The other thing to mention is that I've disabled vsync both on my video card and through OpenGL using wglSwapIntervalEXT. Also there are no OpenGL errors being reported. However, using very sleepy to profile the application it seems to be spending most of its time in SwapBuffers. I'm assuming the issue is somehow related to my use of multiple HDCs or with SwapBuffers somewhere, however, I'm not sure how else to do what I'm doing.
I'm no expert on OpenGL so if anyone has any suggestions or anything I would love to hear them. If there is anything that I'm doing that sounds wrong or any way I could achieve the same thing more efficiently I'd love to hear it.
Here's some links to glIntercept logs for a better understanding of all the OpenGL calls being made:
Simple RGB: https://docs.google.com/open?id=0BzGMib6CGH4TdUdlcTBYMHNTRnM
Shaders YUV: https://docs.google.com/open?id=0BzGMib6CGH4TSDJTZGxDanBwS2M
Profiling Information:
So after profiling it reported several redundant state changes which I'm not surprised by. I eliminated all of them and saw no noticeable performance difference which I kind of expected. I have 34 state changes per render loop and I am using several deprecated functions. I'll look into using vertex arrays which would solve these. However, I'm just doing one quad per render loop so I don't really expect much performance impact from this. Also keep in mind I don't want to rip everything out and go all VBOs because I still need to support some fairly old Intel chipset drivers that I believe are only OpenGL 1.4.
The thing that really interested me and it hadn't occurred to me before was that each context has its own front and back buffer. Since I'm only using one context the previous HDCs render call must finish writing to the back buffer before the swap can occur and then the next one can start writing to the back buffer again. Would it really be more efficient to use more than one context? Or should I look into rendering to textures (FBOs I think) instead and continue using one context?
EDIT: The original description mentioned using multiple OpenGL contexts, but I was wrong I'm only using one OpenGL context and multiple HDCs.
EDIT2: Added some information after profiling with gDEBugger.

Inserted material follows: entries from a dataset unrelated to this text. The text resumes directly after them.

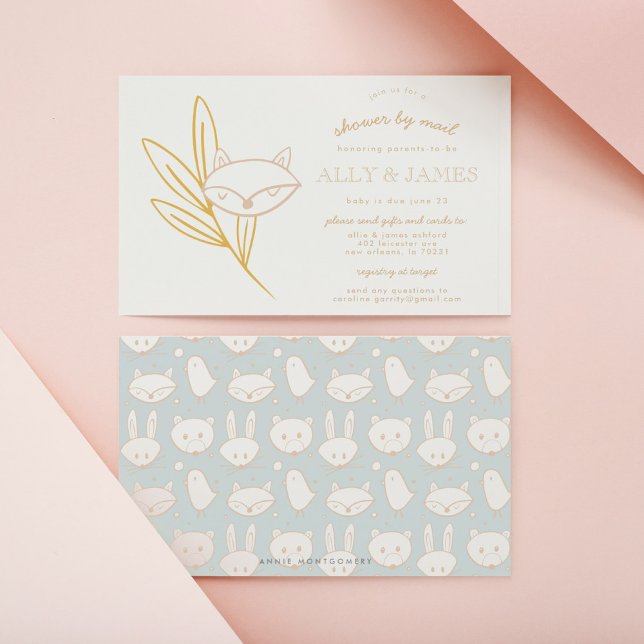 Woodland Mairytale Baby Shower by Mail Einladung (Von Creator hochgeladen)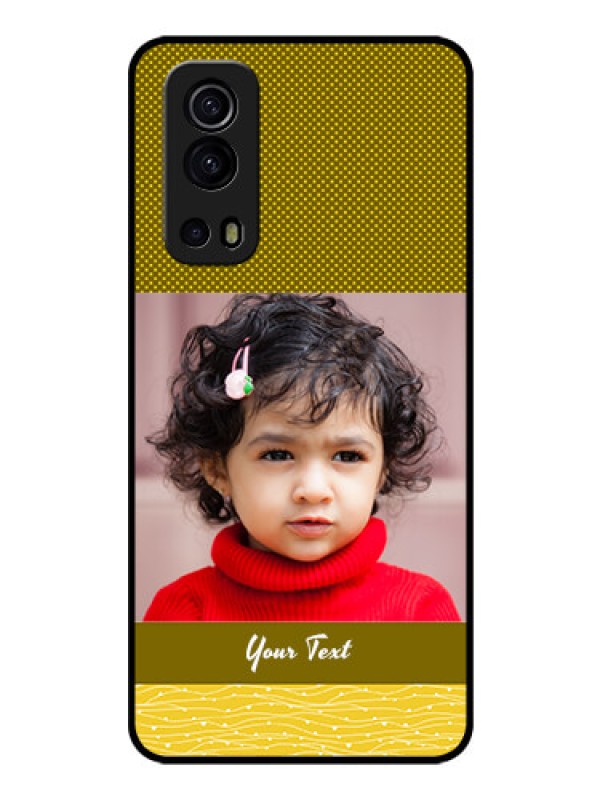 Custom iQOO Z3 5G Custom Glass Phone Case - Simple Green Color Design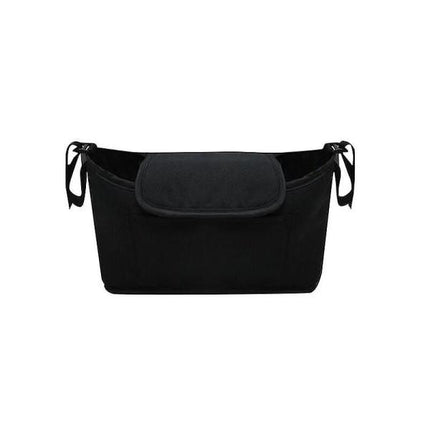 Baby Organizer Stroller Accessories Bag Large Space for All Strollers（Black）.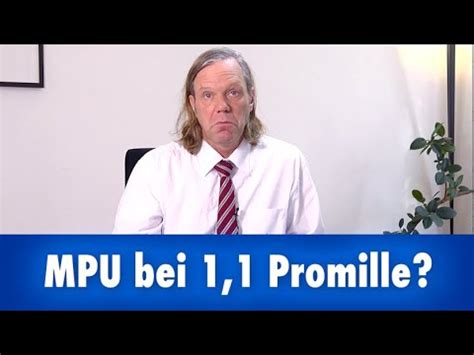 MPU Ab 1 1 Promille Alkohol Am Steuer YouTube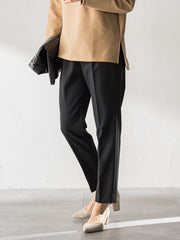 【WEB限定】美シルエット裏起毛ストレッチパンツ≪13号あり/毛玉防止≫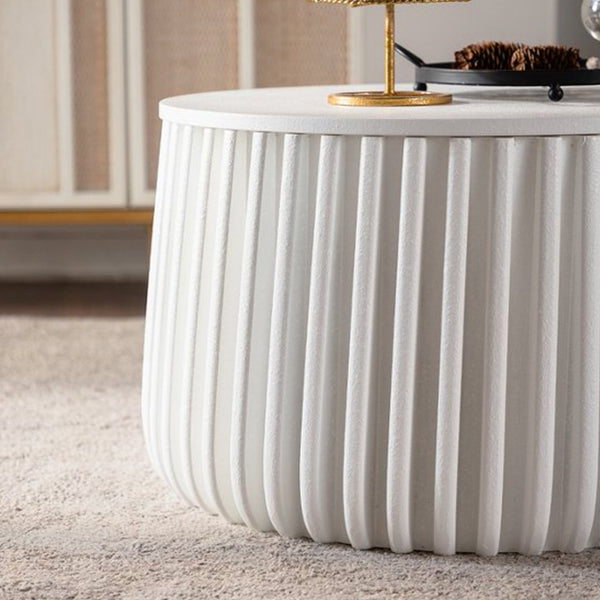 English Elm White Nesting Storage Tables with Lift Off Lid Curved Silhouette for Modern Living Rooms W3081P389055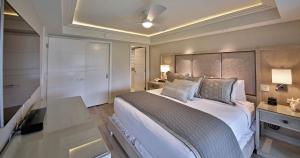 Interior view of a bedroom at Sanibel Inn, a hotel on Sanibel Island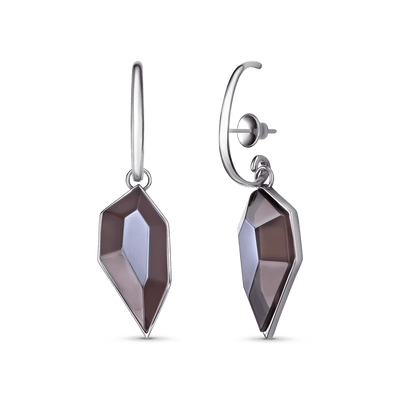 Brinco Impulso - Quartzo Fumê — ângulo 1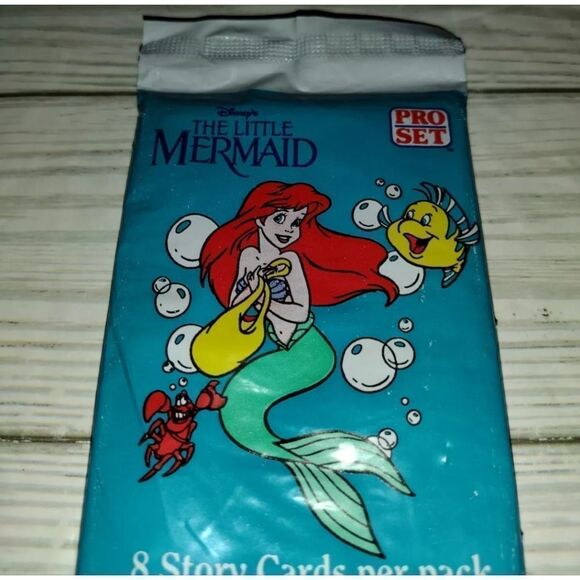 Vintage Disney "The Little Mermaid" Story Trading Cards Pro Set 1991 NEW - Picture 5 of 8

What I try to make your application faster. I made one OpenGL render thread (or more if you have 2 or more video cards). Video card cannot process several context in one time, your multiple OpenGL contexts are waiting one of context. This thread will make only OpenGL work, like YUV->RGB conversion (Used FBO to render to texture). Camere`s thread send images to this thread and UI thread can picked up it to show on window.
You have query to process in OpenGL context and you can combine several frames to one texture to convert it by one pass. It maybe useful, because you have up to 48 cameras. As another variant if OpenGL thread is busy now, you can convert some frame on CPU.
From the log I see you often call the same methods:
glEnable(GL_TEXTURE_2D)
glMatrixMode(GL_TEXTURE)
glLoadIdentity()
glColor4f(1.000000,1.000000,1.000000,1.000000)
You may call it once per context and did not call for each render.
If I understung correct you use 3 texture for each plane of YUV
glTexSubImage2D(GL_TEXTURE_2D,0,0,0,352,240,GL_LUMINANCE,GL_UNSIGNED_BYTE,00000000)
glTexSubImage2D(GL_TEXTURE_2D,0,0,0,176,120,GL_LUMINANCE,GL_UNSIGNED_BYTE,000000)
glTexSubImage2D(GL_TEXTURE_2D,0,0,0,176,120,GL_LUMINANCE,GL_UNSIGNED_BYTE,00000000)
Try to use one texture and use calculation in shader to take correct YUV value for pixel. It is possible, I made it in my application.

Related

Vulkan/OpenGL subpasses that fetch more than single fragment

So, Vulkan introduced subpasses and opengl implelemts similar behaviour with ARM_framebuffer_fetch
In the past, I have used framebuffer_fetch successfully for tonemapping post-effect shaders.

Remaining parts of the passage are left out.